[Data for this task]
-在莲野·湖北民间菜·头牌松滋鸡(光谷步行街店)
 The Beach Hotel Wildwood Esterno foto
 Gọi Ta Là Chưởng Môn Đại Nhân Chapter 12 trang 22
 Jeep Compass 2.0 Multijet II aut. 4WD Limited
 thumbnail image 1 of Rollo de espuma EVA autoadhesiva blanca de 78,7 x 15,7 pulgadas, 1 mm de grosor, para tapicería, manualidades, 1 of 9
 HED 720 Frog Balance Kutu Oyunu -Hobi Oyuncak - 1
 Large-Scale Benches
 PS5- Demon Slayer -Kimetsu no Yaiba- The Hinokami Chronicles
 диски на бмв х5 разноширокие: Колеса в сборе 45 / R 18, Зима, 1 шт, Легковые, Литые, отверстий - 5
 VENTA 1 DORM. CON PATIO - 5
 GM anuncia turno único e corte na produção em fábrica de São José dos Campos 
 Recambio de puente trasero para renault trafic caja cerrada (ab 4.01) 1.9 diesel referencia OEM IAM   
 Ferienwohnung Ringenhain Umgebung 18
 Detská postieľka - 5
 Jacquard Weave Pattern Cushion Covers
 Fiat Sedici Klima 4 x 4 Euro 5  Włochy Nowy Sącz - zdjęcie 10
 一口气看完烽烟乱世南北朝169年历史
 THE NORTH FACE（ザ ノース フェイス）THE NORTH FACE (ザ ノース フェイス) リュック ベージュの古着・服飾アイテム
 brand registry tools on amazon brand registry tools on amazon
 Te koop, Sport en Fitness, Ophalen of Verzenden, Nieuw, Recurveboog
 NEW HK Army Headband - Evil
[/Data for this task]
§ Exercise goal
Restate each record word for word.

§ Answer space
-在莲野·湖北民间菜·头牌松滋鸡(光谷步行街店)
 The Beach Hotel Wildwood Esterno foto
 Gọi Ta Là Chưởng Môn Đại Nhân Chapter 12 trang 22
 Jeep Compass 2.0 Multijet II aut. 4WD Limited
 thumbnail image 1 of Rollo de espuma EVA autoadhesiva blanca de 78,7 x 15,7 pulgadas, 1 mm de grosor, para tapicería, manualidades, 1 of 9
 HED 720 Frog Balance Kutu Oyunu -Hobi Oyuncak - 1
 Large-Scale Benches
 PS5- Demon Slayer -Kimetsu no Yaiba- The Hinokami Chronicles
 диски на бмв х5 разноширокие: Колеса в сборе 45 / R 18, Зима, 1 шт, Легковые, Литые, отверстий - 5
 VENTA 1 DORM. CON PATIO - 5
 GM anuncia turno único e corte na produção em fábrica de São José dos Campos 
 Recambio de puente trasero para renault trafic caja cerrada (ab 4.01) 1.9 diesel referencia OEM IAM   
 Ferienwohnung Ringenhain Umgebung 18
 Detská postieľka - 5
 Jacquard Weave Pattern Cushion Covers
 Fiat Sedici Klima 4 x 4 Euro 5  Włochy Nowy Sącz - zdjęcie 10
 一口气看完烽烟乱世南北朝169年历史
 THE NORTH FACE（ザ ノース フェイス）THE NORTH FACE (ザ ノース フェイス) リュック ベージュの古着・服飾アイテム
 brand registry tools on amazon brand registry tools on amazon
 Te koop, Sport en Fitness, Ophalen of Verzenden, Nieuw, Recurveboog
 NEW HK Army Headband - Evil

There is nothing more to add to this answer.